We’ve been a little lower profile on updates since things were not turning out as we were hoping or sharing with others. After Thanksgiving with the big disappointment of that weekend’s events in Ethiopia, December was looming before us and I was dreading it. I had really been mentally preparing to be gone from the country, missing out on many Christmas activities, Troy had saved up his vacation for our trip and so it was a tough adjustment to know we would not be travelling that month. In the end it did go quickly and all the festivities of Christmas probably helped it pass. The biggest heartache was just wanting to be with our little girl so we could celebrate with her and start our life with her! Last Christmas was hard after losing the referral of Meskerem and this Christmas had another ache because we were missing Samira.

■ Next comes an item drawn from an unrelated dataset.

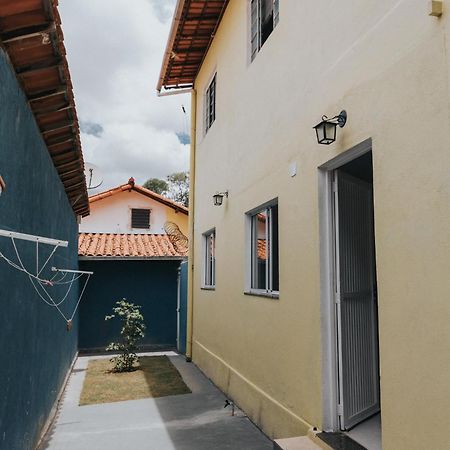 Recanto Kitnet Lagoa Santa (Minas Gerais) Exterior foto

2018 has come and we have renewed hope as good progress has been made on our case. Our agency is very optimistic about our case and we really hope we will be travelling no later than next month. If you were to tell me on March 29th, 2017 that it would be 11 months before meeting our daughter I may have thrown in the towel, been in despair, or just felt hopeless. It’s crazy to us it’s been almost that long but the little dates we’d countdown to each time we had a court date or something go on with our case have made it manageable. Although I’d always say to know the date we will go would be so nice to mentally prepare for, I see God’s grace in protecting us from that now. It has kept us on our knees, asking God for His hand in every step since our referral. Things not going as good as they could have would get us down but they did give us smaller goals to look toward until the next appointment or court date. Right now we are praying in the next few weeks the judge has all he needs for our case and will set our court date to appear before him.
We hope the end is in sight…..we are feeling very ready at this point and are eager to start bonding with this precious girl!